God has entrusted to us the most important of all projects: to continue Christ's work on earth and to be sources of God's peace, justice, reconciliation, truth, hope, care, concern and love for one another. Like the tower in today's Gospel parable, accomplishing this task can sometimes be a tall order indeed. Few of us, however, have the luxury of setting aside forty days in the desert to determine what we need in order to follow God's will - to be the kind of people that God calls us to be. When are we supposed to calculate what we'll need to be successful - to be faithful - in pursuing this greatest of all projects?
How about starting with the first few minutes of every new day?
* * * * *
(September 8, 2025: Nativity of the Blessed Virgin Mary)
* * * * *
“We know that all things work for good for those who love God…”
When Joachim and Ann welcomed their daughter Mary into the world, who could have known – or imagined – that she was destined to become the mother of the Messiah? Who could have thought that this simple, poor and unassuming maiden would be the vehicle through whom God would fulfill his promise of salvation? Who could have anticipated that her simple “yes” as the handmaid of the Lord would change the course of the world forever?
How about you? Who could have thought that God would bring you out of nothingness in order that you might experience the beauty of being someone? Who would have imagined that God would use your ordinary, everyday life to continue his ongoing creative, redemptive and inspiring action? Who could have known that your attempts to say “yes” to God’s will on a daily basis – however imperfectly – could change other peoples’ lives for the better?

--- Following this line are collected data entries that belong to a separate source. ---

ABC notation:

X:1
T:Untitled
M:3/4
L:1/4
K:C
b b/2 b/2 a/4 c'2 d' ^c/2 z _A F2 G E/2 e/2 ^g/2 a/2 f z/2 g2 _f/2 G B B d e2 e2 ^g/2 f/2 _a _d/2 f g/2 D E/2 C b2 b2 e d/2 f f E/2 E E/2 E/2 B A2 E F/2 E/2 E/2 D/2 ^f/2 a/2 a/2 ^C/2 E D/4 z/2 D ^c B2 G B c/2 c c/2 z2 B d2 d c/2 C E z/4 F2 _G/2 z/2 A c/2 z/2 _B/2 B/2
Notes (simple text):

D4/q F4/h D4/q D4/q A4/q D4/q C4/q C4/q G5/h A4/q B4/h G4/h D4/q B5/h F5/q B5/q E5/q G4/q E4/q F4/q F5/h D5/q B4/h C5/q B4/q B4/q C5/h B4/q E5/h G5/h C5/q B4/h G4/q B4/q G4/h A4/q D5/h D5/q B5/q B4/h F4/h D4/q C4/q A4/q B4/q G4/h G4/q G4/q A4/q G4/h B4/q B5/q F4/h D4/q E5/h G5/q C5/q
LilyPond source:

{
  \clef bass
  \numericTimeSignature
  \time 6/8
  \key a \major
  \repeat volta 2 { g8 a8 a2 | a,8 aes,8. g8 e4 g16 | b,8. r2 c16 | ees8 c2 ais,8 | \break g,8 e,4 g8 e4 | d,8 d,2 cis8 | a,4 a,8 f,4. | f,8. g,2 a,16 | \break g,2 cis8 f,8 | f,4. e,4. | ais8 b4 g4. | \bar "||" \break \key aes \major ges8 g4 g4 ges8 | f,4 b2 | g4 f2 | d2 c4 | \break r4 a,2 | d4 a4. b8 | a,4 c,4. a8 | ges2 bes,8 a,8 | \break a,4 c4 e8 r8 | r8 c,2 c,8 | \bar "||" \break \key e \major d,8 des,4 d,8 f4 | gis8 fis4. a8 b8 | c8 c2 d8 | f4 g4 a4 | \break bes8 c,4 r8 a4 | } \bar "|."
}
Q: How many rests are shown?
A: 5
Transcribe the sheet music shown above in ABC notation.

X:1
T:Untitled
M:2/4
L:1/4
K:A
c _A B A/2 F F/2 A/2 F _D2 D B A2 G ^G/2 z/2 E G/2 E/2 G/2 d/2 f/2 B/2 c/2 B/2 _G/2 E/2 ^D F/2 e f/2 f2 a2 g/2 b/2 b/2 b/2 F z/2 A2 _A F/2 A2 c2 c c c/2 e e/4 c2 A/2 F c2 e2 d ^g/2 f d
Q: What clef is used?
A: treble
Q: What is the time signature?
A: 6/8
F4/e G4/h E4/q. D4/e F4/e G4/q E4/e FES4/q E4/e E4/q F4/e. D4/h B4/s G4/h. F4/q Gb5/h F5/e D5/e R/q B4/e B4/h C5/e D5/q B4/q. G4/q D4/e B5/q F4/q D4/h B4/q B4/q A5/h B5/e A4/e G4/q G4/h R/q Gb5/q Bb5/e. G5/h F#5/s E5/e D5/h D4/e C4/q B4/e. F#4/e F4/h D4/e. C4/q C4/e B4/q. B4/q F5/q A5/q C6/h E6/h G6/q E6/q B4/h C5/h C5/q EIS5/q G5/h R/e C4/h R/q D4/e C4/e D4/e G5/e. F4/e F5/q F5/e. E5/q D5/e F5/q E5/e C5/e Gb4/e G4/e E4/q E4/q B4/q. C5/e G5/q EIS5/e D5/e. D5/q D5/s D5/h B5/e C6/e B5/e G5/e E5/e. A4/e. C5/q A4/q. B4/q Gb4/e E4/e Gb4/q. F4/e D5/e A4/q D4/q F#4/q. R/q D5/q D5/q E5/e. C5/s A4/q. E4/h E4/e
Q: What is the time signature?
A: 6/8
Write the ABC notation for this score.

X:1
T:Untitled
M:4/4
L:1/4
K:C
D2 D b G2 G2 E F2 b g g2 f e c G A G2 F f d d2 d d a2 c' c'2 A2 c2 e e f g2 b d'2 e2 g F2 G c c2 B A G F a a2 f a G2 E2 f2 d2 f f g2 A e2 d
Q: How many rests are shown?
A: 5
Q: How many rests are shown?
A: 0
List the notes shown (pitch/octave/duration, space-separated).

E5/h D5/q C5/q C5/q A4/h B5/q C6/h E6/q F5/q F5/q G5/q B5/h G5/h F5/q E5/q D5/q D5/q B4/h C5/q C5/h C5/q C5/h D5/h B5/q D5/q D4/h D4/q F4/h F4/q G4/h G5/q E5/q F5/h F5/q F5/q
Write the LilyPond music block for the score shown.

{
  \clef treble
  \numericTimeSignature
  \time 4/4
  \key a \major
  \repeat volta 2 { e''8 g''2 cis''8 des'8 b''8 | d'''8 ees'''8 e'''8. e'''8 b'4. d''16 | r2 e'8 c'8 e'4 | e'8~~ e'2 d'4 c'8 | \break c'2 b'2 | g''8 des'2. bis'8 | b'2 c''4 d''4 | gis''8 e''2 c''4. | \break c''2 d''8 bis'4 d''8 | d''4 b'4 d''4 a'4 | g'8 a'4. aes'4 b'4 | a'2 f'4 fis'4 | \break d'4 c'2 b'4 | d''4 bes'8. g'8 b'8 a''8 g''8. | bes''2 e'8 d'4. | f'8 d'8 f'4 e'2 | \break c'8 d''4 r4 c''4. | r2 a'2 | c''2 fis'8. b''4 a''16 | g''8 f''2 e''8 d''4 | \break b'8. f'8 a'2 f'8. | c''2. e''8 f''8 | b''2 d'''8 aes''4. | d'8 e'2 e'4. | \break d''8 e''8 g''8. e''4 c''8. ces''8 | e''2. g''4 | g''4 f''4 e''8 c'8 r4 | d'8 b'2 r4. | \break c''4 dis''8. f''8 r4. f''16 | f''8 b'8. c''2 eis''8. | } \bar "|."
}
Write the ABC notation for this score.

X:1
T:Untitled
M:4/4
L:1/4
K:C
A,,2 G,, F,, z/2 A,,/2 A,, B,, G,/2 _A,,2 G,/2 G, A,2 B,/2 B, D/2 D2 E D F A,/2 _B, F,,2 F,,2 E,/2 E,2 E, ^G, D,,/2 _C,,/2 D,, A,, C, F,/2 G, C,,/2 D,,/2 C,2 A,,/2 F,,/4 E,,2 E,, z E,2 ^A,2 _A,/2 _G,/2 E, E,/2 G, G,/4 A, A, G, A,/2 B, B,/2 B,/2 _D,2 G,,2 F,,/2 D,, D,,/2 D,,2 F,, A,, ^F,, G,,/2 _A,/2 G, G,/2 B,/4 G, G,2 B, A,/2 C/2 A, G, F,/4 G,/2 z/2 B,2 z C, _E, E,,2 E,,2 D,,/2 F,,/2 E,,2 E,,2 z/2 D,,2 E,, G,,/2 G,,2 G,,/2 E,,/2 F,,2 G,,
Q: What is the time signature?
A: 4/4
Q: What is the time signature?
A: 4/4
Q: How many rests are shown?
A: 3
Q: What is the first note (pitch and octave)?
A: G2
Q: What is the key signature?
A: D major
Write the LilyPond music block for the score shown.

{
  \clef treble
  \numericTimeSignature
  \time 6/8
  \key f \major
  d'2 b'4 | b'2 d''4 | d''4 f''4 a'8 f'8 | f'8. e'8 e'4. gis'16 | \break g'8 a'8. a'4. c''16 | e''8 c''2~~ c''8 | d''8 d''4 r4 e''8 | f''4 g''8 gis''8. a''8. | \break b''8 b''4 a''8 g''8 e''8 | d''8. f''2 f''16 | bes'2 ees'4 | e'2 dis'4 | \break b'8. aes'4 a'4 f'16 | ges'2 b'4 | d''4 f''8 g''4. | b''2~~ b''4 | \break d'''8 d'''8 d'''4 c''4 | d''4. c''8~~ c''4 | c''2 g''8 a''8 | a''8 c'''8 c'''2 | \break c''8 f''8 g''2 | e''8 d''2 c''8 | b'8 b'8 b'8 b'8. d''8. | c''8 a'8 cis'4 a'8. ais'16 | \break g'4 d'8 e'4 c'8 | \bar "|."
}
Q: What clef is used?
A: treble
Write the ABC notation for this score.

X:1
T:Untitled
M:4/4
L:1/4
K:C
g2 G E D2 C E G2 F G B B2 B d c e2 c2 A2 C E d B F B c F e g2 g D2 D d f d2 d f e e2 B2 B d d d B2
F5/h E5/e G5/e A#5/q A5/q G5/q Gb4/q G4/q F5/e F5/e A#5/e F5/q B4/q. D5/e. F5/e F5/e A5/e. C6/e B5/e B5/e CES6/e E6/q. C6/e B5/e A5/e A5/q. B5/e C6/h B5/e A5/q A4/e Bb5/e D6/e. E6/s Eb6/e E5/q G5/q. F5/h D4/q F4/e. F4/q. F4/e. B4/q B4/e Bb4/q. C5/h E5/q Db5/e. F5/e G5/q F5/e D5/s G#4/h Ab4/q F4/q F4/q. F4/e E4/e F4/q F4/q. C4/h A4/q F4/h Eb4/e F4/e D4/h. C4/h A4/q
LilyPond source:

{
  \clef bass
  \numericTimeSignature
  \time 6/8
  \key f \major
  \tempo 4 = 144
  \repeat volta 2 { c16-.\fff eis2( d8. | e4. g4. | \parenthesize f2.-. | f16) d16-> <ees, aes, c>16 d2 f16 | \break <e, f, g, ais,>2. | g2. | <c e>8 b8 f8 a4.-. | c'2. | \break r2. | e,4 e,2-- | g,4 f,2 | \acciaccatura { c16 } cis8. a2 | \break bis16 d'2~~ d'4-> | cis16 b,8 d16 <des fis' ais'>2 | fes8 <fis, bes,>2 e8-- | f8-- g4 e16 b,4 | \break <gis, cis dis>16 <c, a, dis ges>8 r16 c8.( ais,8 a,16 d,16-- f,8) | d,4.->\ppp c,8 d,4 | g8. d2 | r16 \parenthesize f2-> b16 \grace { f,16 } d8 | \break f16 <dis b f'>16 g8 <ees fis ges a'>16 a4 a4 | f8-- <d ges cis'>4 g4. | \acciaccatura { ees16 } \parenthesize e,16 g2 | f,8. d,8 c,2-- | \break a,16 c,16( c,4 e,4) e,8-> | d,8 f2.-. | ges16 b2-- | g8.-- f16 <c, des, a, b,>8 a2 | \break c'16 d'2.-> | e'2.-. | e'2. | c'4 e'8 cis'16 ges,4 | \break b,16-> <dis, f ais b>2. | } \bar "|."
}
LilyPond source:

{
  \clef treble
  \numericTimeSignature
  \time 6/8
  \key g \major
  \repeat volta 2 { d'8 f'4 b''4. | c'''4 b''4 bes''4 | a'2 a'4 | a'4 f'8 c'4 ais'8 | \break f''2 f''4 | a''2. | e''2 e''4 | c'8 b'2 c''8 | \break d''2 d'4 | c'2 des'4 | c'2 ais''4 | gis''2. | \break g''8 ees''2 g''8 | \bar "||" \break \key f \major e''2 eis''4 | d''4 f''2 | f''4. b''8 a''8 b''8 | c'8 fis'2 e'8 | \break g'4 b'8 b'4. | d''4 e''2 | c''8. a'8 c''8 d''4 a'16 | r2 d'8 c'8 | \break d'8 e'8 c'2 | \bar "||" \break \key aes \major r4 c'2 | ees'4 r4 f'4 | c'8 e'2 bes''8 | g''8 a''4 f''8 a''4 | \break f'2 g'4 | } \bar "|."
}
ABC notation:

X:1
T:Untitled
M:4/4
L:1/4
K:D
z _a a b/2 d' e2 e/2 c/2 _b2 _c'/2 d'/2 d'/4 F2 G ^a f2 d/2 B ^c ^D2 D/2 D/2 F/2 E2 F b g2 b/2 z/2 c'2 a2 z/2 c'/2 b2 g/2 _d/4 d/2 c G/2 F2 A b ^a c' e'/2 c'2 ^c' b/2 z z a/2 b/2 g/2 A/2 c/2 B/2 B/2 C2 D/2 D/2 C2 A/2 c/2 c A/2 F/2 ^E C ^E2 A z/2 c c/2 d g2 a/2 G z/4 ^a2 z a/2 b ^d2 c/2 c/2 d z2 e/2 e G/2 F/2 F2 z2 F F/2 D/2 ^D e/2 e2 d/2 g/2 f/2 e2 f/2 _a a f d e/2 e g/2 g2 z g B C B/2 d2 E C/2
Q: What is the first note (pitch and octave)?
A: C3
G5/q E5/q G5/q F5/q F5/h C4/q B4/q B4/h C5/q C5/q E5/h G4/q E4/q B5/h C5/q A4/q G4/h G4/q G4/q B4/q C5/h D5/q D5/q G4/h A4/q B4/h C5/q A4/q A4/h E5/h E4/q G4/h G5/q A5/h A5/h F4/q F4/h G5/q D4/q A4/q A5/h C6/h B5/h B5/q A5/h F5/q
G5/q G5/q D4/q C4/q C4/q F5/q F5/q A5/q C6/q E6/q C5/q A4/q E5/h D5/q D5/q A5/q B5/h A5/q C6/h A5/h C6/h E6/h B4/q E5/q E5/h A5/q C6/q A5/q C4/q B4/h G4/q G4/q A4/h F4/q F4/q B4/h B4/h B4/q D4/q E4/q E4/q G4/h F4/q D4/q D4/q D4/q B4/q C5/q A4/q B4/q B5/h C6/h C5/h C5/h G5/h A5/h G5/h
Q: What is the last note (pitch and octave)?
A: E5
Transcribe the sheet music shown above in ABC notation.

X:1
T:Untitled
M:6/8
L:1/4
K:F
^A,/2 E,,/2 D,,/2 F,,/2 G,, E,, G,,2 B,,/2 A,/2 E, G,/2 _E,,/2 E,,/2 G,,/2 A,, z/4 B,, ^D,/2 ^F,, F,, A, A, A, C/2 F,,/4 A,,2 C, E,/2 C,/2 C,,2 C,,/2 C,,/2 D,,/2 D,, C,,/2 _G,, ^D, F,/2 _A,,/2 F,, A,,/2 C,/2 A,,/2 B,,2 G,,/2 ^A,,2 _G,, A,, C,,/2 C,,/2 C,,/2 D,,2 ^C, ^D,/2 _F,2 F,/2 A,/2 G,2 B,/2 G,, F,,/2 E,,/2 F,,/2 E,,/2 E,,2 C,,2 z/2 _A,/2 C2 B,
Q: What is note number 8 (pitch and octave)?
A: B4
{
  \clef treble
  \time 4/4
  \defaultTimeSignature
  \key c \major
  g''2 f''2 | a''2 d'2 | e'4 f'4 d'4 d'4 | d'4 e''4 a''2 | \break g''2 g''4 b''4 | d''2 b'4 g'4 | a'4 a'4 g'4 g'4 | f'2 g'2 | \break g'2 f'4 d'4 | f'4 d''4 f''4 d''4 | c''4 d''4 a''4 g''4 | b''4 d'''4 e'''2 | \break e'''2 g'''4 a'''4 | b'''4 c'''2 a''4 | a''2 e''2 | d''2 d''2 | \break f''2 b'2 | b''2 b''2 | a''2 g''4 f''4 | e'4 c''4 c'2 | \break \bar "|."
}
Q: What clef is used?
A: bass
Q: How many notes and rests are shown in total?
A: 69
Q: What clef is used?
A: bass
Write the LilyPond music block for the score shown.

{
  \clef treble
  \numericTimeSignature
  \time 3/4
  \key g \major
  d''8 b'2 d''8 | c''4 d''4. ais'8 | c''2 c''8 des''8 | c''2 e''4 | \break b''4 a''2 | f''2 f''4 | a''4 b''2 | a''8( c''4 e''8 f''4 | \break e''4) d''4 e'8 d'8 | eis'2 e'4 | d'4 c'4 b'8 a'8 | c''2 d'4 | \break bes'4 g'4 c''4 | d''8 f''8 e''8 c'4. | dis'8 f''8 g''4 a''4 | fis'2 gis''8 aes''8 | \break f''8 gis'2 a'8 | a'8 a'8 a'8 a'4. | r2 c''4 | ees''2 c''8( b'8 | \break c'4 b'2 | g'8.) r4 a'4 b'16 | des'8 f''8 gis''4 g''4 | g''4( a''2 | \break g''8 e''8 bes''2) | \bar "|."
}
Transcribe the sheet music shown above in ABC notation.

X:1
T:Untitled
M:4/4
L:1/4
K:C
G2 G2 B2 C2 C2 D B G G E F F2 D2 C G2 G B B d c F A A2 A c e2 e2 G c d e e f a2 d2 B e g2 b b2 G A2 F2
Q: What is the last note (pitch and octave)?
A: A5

God did it! God continues to do it! And God will continue to do it!
Forever!
* * * * *
(September 9, 2025: Peter Claver, Priest)
* * * * *
“As you received Christ Jesus the Lord, walk in him, rooted in him…abounding in thanksgiving.”
“A contemporary of St. Francis de Sales, St. Peter Claver was born at Verdu, Catalonia, Spain, in 1580, of impoverished parents descended from ancient and distinguished families. He studied at the Jesuit college of Barcelona, entered the Jesuit novitiate at Tarragona in 1602 and took his final vows on August 8th, 1604. While studying philosophy at Majorca, the young religious was influenced by St. Alphonsus Rodriguez to go to the Indies and save ‘millions of perishing souls.’”
“In 1610, he landed at Cartagena (modern Colombia), the principal slave market of the New World, where a thousand slaves were landed every month. After his ordination in 1616, he dedicated himself by special vow to the service of the Negro slaves - a work that was to last for thirty-three years. He labored unceasingly for the salvation of the African slaves and the abolition of the Negro slave trade, and the love he lavished on them was something that transcended the natural order.”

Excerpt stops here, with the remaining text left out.